Hükümete yakın bir İstanbul gazetesi geçen yıllarda Duman‘ın paralelci olduğunu iddia etmişti.
O günden bu yana, Duman‘la ilgili benzer iddialar ortaya atılmıştı.
Duman, sosyal paylaşım sitesinden yaptığı açıklamada, paralelci olmadığını belirtmiş ve paralelci bir dernekten istifa ettiğini gösteren belgeyi paylaşmış.
Ancak Duman, kendisiyle ilgili yürütülen algı operasyonuna dur demek için istifa ettiğini belirtmiş.
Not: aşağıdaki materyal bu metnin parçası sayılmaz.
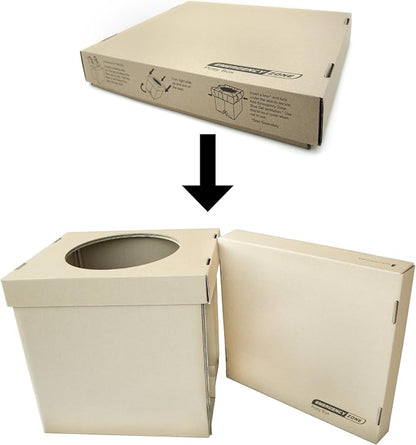 Potty Box Complete Toilet Set, Portable, Collapsible Toilet with Liners and Toilet Chemicals. 3 Pack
Ayrıca İl Başkanı Torun, Ahenk Hukuk Derneği‘ne üye olduğunu öne sürdüğü
yönetim kurulu üyelerinden Mehmet Karamanlı‘dan istifasını istemiş.
Ancak Karamanlı, bu derneğe üye olmadığını belirterek istifa talebini reddetmiş.
Kuşkusuz, yaşananlar önemli…
Hele Duman‘ın istifası.
Nitekim istifa eden isim, il başkanının vekili.
Yani 2 numaralı yönetim kurulu üyesi istifa ediyor.
Ancak daha da önemlisi, önceki akşam yapılan il yönetim kurulu toplantısında yaşananlar.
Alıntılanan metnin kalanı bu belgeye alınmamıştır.